[mpich-discuss] mpich2-1.4 works on one host, fails on multiple
Raghu Reddy
rreddy at psc.edu
Fri Dec 9 14:16:41 CST 2011
This is a related but slightly different question:
If I have a mixed MPI-OpenMP code in which all MPI calls are outside of the
parallel regions created by OpenMP, is it still necessary to call
MPI_INIT_THREAD in place of MPI_INIT? Essentially the master thread will
be doing all MPI calls.
I did not think this was the case, so can someone please confirm that this
is required? If yes, why? The last part is just my curiosity sake.
Thanks!
--rr
Please Note: Email transcribed by speech recognition; May have unintended
words in some cases, especially when I fail to do a good job of
proofreading!
--On Friday, December 09, 2011 12:58 PM -0700 "Jack D. Galloway"
<jackg at lanl.gov> wrote:
> All, thank you for your help and suggestions. I was pinned to using a
> pre-compiled proprietary code initially for troubleshooting but eventually
> got a test case, and this suggestion about "call
> MPI_INIT_THREAD(MPI_THREAD_FUNNELED,IMPI_prov,ierr)" was a correct one, no
> MPI calls within OpenMP paradigms were occurring. Secondly through this I
> found that some of the OMP directives were compiling correctly "undefined
> reference to omp_get_num_procs" and a couple others which keyed me off
> that something wasn't compiling in correctly. I found a suggestion that
> said:
>
> the right library to use is libgomp.so.1. So, in order to compile it you
> have to use, e.g: "gcc -lgomp helloworld.c -o helloworld"
>
> Which, when including both the MPI_INIT_THREAD, as well as the -lgomp link
> solved the problem and I got a program running just fine. Sorry for
> blowing up here and having it not be mpich2 related, other than a faulty
> MPI call. Perhaps it will be beneficial to someone making the same error
> in the future. Thanks so much for your suggestions and help.
>
> ~Jack
>
> -----Original Message-----
> From: mpich-discuss-bounces at mcs.anl.gov
> [mailto:mpich-discuss-bounces at mcs.anl.gov] On Behalf Of Anthony Chan
> Sent: Friday, December 09, 2011 11:15 AM
> To: mpich-discuss at mcs.anl.gov
> Subject: Re: [mpich-discuss] mpich2-1.4 works on one host, fails on
> multiple
>
>
> Is your program making any MPI call in within OpenMP pragmas ?

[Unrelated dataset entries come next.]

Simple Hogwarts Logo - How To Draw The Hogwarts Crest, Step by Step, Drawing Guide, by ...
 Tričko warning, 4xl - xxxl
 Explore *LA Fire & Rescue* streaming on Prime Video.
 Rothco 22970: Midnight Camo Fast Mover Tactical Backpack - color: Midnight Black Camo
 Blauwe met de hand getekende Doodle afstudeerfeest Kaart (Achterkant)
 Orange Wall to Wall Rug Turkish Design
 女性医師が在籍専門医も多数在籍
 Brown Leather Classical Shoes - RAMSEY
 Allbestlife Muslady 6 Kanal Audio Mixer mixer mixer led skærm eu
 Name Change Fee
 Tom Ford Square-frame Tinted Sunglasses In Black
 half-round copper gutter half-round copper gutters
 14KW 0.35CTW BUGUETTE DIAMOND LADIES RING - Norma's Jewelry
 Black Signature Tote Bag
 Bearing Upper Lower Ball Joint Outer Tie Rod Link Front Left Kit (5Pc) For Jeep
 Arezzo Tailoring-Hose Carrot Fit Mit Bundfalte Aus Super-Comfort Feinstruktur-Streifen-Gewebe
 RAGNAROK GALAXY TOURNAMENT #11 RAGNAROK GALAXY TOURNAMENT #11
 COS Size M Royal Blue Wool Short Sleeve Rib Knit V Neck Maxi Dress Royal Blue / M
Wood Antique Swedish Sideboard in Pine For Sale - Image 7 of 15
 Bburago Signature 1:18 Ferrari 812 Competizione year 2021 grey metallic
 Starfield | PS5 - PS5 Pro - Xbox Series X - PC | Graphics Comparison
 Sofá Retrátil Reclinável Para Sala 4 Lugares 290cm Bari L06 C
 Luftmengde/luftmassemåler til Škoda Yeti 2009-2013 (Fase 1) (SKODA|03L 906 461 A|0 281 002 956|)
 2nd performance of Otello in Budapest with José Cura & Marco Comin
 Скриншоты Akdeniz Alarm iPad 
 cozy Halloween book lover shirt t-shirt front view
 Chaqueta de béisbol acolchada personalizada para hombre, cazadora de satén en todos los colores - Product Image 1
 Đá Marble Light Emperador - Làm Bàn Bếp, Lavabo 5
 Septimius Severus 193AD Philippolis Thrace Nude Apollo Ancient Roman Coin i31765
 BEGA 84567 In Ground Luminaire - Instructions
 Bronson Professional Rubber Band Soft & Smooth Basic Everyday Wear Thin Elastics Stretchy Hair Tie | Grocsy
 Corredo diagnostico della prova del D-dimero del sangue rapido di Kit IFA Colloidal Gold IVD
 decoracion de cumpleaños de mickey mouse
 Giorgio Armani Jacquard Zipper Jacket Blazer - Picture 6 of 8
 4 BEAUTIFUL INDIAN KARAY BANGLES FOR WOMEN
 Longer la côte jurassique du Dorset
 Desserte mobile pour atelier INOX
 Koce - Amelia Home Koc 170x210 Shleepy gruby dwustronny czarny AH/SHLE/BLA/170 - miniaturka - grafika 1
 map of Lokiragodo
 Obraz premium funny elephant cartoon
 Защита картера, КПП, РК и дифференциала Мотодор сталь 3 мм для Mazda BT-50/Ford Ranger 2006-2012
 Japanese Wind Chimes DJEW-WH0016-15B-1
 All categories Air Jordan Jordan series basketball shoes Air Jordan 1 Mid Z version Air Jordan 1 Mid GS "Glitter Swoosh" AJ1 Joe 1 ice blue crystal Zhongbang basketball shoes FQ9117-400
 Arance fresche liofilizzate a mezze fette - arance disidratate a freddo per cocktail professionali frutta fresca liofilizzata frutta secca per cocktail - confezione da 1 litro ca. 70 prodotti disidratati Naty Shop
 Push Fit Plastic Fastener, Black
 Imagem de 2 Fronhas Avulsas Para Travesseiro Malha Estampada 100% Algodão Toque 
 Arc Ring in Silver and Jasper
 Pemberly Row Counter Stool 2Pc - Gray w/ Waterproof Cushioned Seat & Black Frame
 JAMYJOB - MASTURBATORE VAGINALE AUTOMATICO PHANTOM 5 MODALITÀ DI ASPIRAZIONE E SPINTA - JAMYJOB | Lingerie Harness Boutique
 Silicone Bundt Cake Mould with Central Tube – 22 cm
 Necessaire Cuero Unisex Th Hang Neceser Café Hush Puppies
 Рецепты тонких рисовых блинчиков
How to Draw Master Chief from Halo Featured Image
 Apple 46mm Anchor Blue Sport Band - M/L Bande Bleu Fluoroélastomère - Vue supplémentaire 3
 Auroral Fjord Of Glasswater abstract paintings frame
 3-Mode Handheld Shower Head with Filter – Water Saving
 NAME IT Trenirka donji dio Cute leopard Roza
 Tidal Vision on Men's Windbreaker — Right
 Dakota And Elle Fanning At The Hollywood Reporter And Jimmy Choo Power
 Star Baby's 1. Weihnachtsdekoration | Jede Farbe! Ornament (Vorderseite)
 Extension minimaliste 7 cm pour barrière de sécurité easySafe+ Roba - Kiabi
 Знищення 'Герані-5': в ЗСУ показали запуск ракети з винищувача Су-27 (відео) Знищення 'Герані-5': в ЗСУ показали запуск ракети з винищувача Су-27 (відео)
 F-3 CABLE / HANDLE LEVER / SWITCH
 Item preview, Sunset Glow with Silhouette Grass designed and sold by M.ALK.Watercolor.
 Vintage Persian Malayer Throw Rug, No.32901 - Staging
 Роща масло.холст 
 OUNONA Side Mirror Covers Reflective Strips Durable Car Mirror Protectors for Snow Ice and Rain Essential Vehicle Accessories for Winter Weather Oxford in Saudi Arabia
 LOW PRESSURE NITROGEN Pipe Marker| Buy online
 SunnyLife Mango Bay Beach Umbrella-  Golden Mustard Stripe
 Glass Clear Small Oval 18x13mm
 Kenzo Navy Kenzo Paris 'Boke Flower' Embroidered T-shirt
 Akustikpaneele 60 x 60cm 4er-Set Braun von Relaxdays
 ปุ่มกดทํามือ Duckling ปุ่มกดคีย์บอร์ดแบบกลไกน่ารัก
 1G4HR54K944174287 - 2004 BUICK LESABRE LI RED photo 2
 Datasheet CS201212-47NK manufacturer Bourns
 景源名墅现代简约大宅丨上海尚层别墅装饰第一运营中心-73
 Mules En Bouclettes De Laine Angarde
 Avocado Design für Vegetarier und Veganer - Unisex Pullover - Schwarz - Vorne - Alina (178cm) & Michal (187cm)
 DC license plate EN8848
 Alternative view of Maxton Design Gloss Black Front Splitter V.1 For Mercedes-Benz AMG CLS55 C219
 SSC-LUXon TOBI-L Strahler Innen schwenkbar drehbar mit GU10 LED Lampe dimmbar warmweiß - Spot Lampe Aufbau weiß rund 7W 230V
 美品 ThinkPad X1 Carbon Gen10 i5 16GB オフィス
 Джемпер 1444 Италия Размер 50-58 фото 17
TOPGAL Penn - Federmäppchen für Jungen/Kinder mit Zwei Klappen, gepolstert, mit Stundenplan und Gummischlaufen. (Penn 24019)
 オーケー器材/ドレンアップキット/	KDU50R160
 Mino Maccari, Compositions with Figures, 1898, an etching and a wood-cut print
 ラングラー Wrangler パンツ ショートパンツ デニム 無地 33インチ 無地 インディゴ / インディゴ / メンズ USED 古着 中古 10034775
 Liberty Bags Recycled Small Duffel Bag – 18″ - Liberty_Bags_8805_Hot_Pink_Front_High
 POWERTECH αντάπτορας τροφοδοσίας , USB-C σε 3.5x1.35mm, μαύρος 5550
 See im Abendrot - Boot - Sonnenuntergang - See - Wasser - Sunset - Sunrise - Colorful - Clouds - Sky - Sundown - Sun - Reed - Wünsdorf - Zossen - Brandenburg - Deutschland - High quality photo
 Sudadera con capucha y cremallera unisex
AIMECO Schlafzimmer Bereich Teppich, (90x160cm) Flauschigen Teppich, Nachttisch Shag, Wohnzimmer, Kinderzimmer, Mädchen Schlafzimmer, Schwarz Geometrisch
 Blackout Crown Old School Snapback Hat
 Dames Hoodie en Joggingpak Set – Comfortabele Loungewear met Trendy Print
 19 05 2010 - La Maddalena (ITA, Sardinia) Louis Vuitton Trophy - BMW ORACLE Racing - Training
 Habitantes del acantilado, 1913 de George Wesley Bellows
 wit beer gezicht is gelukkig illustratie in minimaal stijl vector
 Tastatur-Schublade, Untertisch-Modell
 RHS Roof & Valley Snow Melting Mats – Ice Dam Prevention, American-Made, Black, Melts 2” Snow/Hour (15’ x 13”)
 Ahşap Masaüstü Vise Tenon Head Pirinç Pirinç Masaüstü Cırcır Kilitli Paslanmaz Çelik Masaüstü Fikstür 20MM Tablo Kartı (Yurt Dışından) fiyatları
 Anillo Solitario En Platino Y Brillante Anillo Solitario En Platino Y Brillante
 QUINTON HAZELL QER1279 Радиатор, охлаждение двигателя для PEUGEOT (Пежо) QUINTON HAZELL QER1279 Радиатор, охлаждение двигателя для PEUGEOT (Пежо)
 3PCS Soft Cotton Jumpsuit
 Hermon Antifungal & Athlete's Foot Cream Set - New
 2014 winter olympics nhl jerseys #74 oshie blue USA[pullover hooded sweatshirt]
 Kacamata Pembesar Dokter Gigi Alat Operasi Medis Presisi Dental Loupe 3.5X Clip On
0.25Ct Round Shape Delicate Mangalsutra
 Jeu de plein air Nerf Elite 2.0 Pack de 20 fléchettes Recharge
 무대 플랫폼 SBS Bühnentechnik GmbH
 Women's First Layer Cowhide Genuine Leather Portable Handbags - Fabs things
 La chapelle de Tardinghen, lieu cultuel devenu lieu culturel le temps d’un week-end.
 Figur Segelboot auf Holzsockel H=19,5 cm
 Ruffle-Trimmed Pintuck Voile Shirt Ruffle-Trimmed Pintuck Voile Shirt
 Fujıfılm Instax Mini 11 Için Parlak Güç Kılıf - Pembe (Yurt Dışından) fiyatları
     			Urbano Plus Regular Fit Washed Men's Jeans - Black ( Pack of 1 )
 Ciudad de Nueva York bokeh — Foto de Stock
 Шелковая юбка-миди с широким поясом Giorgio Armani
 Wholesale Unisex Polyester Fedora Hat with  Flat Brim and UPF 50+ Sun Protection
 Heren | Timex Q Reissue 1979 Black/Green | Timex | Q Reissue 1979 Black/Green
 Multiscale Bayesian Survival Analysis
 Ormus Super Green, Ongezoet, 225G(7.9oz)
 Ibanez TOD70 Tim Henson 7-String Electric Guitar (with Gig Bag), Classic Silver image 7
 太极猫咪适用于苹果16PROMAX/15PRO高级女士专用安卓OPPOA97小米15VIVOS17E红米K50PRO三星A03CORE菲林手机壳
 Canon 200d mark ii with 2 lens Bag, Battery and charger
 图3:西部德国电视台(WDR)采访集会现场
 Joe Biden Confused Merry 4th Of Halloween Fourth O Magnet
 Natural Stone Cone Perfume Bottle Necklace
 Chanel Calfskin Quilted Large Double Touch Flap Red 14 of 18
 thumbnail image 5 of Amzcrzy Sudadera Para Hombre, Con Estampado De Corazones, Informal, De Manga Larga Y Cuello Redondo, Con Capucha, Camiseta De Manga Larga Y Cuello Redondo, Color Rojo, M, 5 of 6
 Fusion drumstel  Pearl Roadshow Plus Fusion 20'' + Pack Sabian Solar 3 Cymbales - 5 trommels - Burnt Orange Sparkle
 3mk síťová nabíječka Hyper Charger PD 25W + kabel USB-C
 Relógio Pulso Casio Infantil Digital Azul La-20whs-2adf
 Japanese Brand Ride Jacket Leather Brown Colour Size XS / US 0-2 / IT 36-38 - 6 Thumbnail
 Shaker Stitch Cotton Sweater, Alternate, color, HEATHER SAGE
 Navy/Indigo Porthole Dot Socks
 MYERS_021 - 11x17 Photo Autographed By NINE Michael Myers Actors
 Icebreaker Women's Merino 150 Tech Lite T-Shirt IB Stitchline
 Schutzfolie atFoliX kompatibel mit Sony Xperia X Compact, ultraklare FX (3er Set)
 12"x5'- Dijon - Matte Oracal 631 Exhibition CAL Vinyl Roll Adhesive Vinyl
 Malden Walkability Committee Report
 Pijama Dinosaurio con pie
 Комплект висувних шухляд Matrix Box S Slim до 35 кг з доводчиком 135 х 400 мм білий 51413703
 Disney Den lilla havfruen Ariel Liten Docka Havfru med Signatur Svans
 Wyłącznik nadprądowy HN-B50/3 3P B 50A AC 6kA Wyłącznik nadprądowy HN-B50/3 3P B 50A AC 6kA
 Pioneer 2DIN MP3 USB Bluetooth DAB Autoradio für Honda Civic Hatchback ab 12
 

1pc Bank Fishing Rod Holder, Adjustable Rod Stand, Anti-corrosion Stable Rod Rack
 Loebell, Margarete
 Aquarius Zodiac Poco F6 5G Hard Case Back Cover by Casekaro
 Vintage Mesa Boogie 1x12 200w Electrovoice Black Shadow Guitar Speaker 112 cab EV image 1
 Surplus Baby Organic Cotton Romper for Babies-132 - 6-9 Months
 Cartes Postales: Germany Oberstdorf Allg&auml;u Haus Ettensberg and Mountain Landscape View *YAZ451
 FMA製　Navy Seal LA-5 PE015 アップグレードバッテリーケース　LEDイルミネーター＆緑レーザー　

> If it does, you need to use MPI_Init_thread with MPI_THREAD_MULTIPLE.
> If not, a correct MPI program should still need to use MPI_Init_thread
> with MPI_THREAD_FUNNELED. Not sure if this is the cause of problem,
> but you should at least use the correct MPI_Init call for your threaded
> program.
>
> A.Chan
>
> ----- Original Message -----
>> Sorry, one further detail that I've just discovered. The program is a
>> MPI/OpenMP hybrid program. As a hunch, I commented out all the OpenMP
>> calls, include statement, omp_set_num_threads, !$OMP DO etc... and
>> tried to
>> re-run the problem across several nodes and it worked out perfectly.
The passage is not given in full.